By Cheryl Taylor, Foellinger Foundation
Are you like me? I cringe when people use the terms strategy or strategic in so many different contexts that the terms lose nearly all meaning.
Strategy without measurement is meaningless, and measurement of a misguided strategy is equally meaningless. Strategy and measurement are inseparable if a small foundation hopes to achieve its mission.
That’s what the Foellinger Foundation discovered when it undertook a study of its own practices.
The results of this internal study have been published as a shared resource for small foundations. In Foundation Effectiveness: A Guide to Strategy and Evaluation, we don’t pretend to have the answers, just some experiences that might be of some value to small foundations wishing to uncover their own ways to enhance their strategies—and their effectiveness.
The Lumberjack Story
Effectiveness is not just doing things right; it’s doing the right things.

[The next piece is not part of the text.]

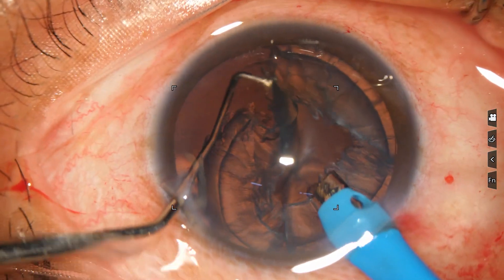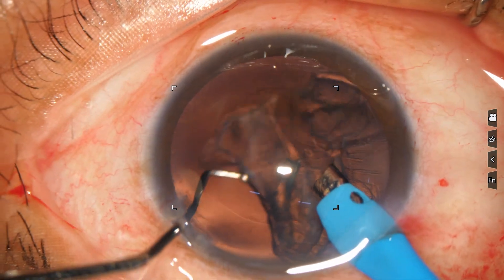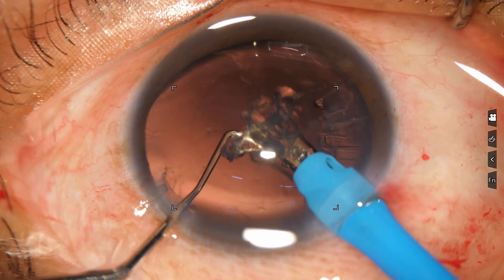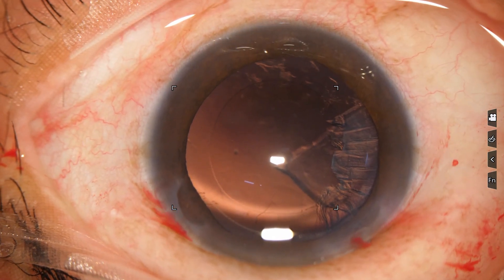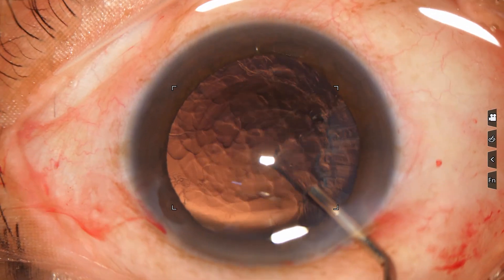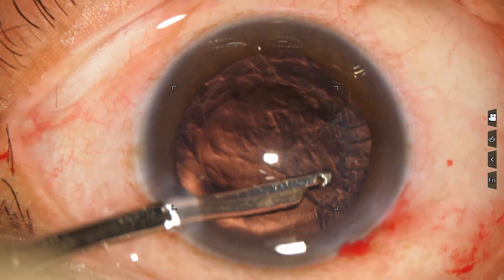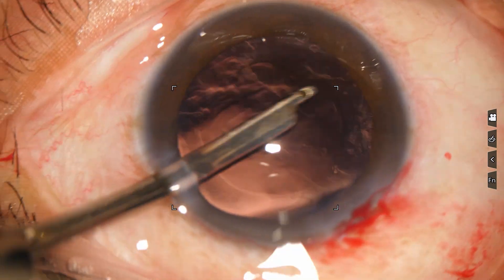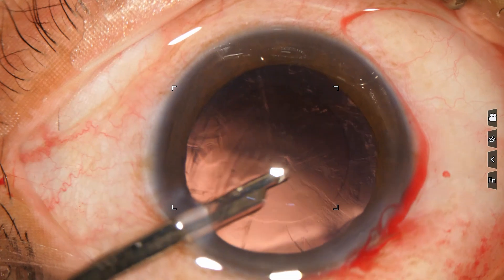Now I am removing the epinucleus. Most of the cortex has been removed, and now a bit of cortex remains from 8 o'clock to 11 o'clock. Viscoelastic is used to fill up the anterior chamber. The Simcoe goes through the side port and the remaining cortex is removed.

A group of lumberjacks are enthusiastically and energetically chopping down trees in a forest. They are working like mad, and the work is getting done in record time. The crew boss was very pleased, until one of the lumberjacks climbs the tallest tree and surveys the landscape. From this vantage point, he sees a horrible reality. He shouts down to the boss, “We’re cutting the wrong forest!” The boss replies, “Never mind that. We’re making good progress!”
Before a foundation can assess its effectiveness, it must answer two strategic questions:
- What change would we like to see?
- What can we contribute to the effort?
In other words, the first task for a foundation interested in assessing its effectiveness is to address the broad question: Effective at what? The recipe for a foundation’s effectiveness must include both strategic planning and evaluation. Strategic planning without the inclusion of an evaluation plan is no more than wishful thinking. Conversely, evaluation conducted outside the context of a strategic plan is merely chopping at trees. It doesn’t matter how effectively you clear the forest or how you evaluate your efforts, if you are in the wrong forest in the first place.
Foellinger Foundation is publishing Foundation Effectiveness: A Guide to Strategy and Evaluation now because there has never been a greater need for clarity in the foundation world on some terms that are thrown around all too often and all too loosely: strategy, planning, evaluation, and effectiveness. These are indeed important terms if we are to achieve…anything!
I look forward to your thoughts.
Cheryl Taylor is president of Foellinger Foundation, a private charitable foundation that awards grants for the benefit of people in Fort Wayne and Allen County, IN. The foundation was created in 1958 by Helene Foellinger, The News-Sentinel publisher from 1936 to 1980, and Esther Foellinger, her mother.